The full report is behind a paywall but a couple of the newspapers ripped some charts from it.
These from the Daily Mail:
City AM has some interactive maps based on the same data.
The projections to 2030 don’t really give the full story though because it’s what the UN thinks will happen in the following 2 decades that’s really interesting. Some of the countries classed as “Not aging” on these charts will age rapidly between 2030 and 2050.
Just as countries have industrialised and developed faster than the West did, their populations will age more quickly too. As a UN report explained (my emphasis):
[P]opulation ageing is taking place much more rapidly now in developing countries than it had in developed countries in the past. For example, it took France 115 years and Sweden 85 years, and it will take the United States of America 69 years, to change the proportion of the population aged 60 years or over from 7 per cent to 14 per cent. In contrast, it will take China only 26 years, Brazil 21 years and Colombia 20 years to experience the same change in population ageing.

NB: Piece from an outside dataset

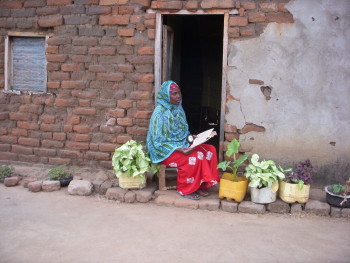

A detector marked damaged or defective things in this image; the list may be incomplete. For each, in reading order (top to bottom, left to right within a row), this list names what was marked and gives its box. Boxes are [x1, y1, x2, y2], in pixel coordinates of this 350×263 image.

cracked plaster wall [227, 0, 350, 186]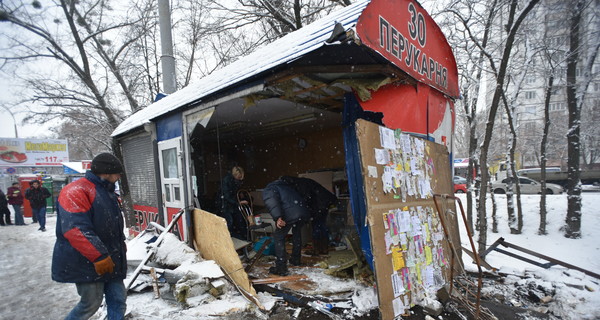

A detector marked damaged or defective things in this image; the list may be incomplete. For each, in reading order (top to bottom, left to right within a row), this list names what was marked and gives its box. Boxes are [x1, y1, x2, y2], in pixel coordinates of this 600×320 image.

damaged kiosk [111, 0, 460, 318]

In the next 30-year period, from 2010 to 2040, fast population ageing will take place mainly in the less developed regions.
This is particularly true for the richer emerging economies, those the World Bank classes as upper-middle-income countries. The ratio of the population over 65 to the working age (15-64) population rises more rapidly for these countries than it does for the rich economies.

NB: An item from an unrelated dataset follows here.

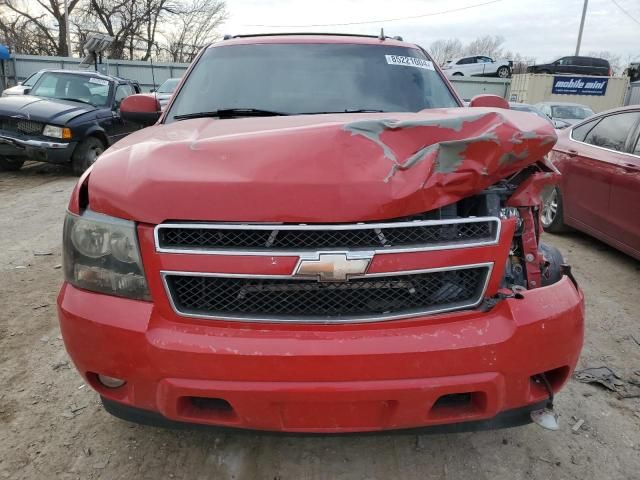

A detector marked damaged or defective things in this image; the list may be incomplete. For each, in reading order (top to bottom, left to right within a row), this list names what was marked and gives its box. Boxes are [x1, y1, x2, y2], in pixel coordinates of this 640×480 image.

As these countries become more affluent, their people become more educated and healthier, their birth rates fall and, crucially, their life expectancy rises. Their populations age for the same reasons as they did in the west but it happens over a much shorter time.

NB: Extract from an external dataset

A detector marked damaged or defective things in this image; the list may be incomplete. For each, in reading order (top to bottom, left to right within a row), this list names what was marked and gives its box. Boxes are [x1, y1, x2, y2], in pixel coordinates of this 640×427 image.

Here’s the UN projection for G7 countries:
The populations in the rich nations will age over the next 35 years, though Japan already seems to be in a league of its own.
Now look at the projections for the BRICS.
The speed at which the populations of China and Brazil age is mind-boggling. They go from African and Asian dependency ratios to European ones in the space of 40 years.
The projections for South-East Asia are just as dramatic.
Brunei, Singapore, Thailand and Vietnam age at a remarkable pace.
It’s a similar story in the Middle-East.
By 2050, Turkey, Iran and Lebanon have almost caught up with Europe.
And for North Africa.
Tunisia and Libya leading the way.
And for the Arabian Peninsula.
This is where the projections are most striking, with many of the Arabian countries ageing at breakneck speed after 2030.
If the UN is right, then, population ageing in the more affluent Asian and Latin American countries will run at a much faster rate than that of Europe and North America. This will speed up the ageing of the population globally.
By 2050, most countries in the world will have a higher proportion of their population aged over 60 than the UK has now.
Source: United Nations
Last month, the OECD warned that economic growth is likely to slow down over the next few decades as the proportion of working-age people in the world declines. Without a compensating increase in productivity, reducing the proportion of workers will lead to slower growth. McKinsey estimated that advanced economies would have to increase their productivity growth rates by 60 percent to offset the effects of ageing.
That is unlikely to happen. Those born in 2000 will probably see much lower per capita GDP growth during their lifetimes than those born in 1980.
Even if we redefine what we mean by old age and increase the labour force participation rates among those over 65 we will still find ourselves with a smaller proportion of people in the workforce and therefore a higher dependency ratio. Unless the robots deliver a huge leap in productivity, we will not see the sort of growth rates we enjoyed in the last half of the twentieth century. Just at the point when we need more wealth and tax revenues to look after the elderly, economies around the world will be slowing down.
It’s difficult to over-state the importance of global greying. We have experienced nothing like it before. For most of history, the population profile was pyramid-shaped, with a lot of young people and a small number of old people. By the middle of this century it will be beehive-shaped, with the middle-aged and elderly forming a much larger proportion.
Thanks to improvements in health and life expectancy, a lot of you reading this will still be around in 2050. By then, the proportion of the world’s population over 60 will have risen from a tenth to a fifth. This is one of the biggest things ever to happen to the human race, on a par with world wars, the industrial revolution and the development of farming. It’s going to change much of what we used to think of as normal, economically, socially and politically. And it’s happening with astonishing speed.